Ah, Radha, acho que preciso ser sincera: também estou vivendo a minha versão aos 40, também tive crise e também me questionei se não deveria estar em outro lugar; como se as vidas de mais de 7 bilhões de pessoas no mundo devessem seguir uma mesma régua de “sucesso”. Então hoje, aceito cada dia mais ser quem eu sou, assumo a minha trajetória, nego a todo custo o rancor, admito que há beleza em momentos simples da vida e que é preciso assumir a criatividade como ela chega até mim. Então respondo para mim mesma que eu escrevo (a minha forma de expressar-me) porque eu quero, e isso é o bastante.   

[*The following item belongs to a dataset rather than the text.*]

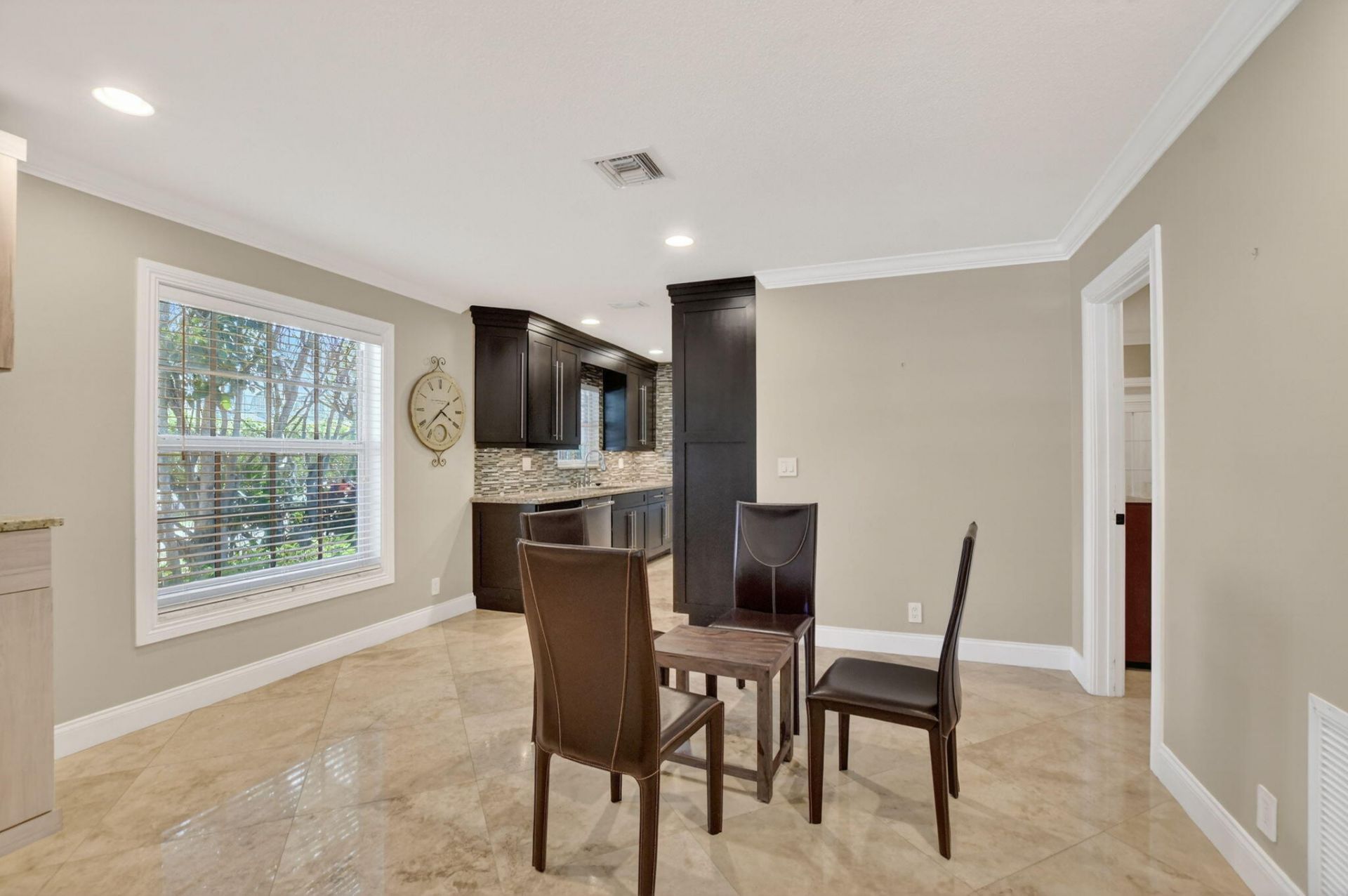 770 E Camino Real, Unit 0010, Boca Raton, FL 33432 Photo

Ao decorrer de The forty-year-old version, percebo que você foge do seu irmão para fugir do enfrentamento do luto pela sua mãe, para fugir do enfrentamento do poder criativo dela; porque ela criou você para ser destemida, e você cedeu, mas também soube reencontrar a sua voz – e teve a coragem de soltar suas rimas na noite de estreia de sua peça, voltando a ser quem você sempre deveria ter sido: a filha de Carol e a artista autêntica na sua (melhor) versão aos 40. 

Radha Blank

The forty-year-old version, escrito dirigido e protagonizado por Radha Blank

Radha é uma dramaturga sem sorte de NY, que está desesperada por uma descoberta antes dos 40. Reinventando-se como o rapper RadhaMUSPrime, ela vacila entre os mundos do Hip Hop e do teatro para encontrar sua verdadeira voz.

Por Lina Távora

É uma cearense que mora em Brasília, jornalista fora da redação, mestre em comunicação/cinema, feminista em construção, mãe com todo o coração e tem no audiovisual uma paixão constante e uma fé no seu impacto para uma mudança positiva na sociedade.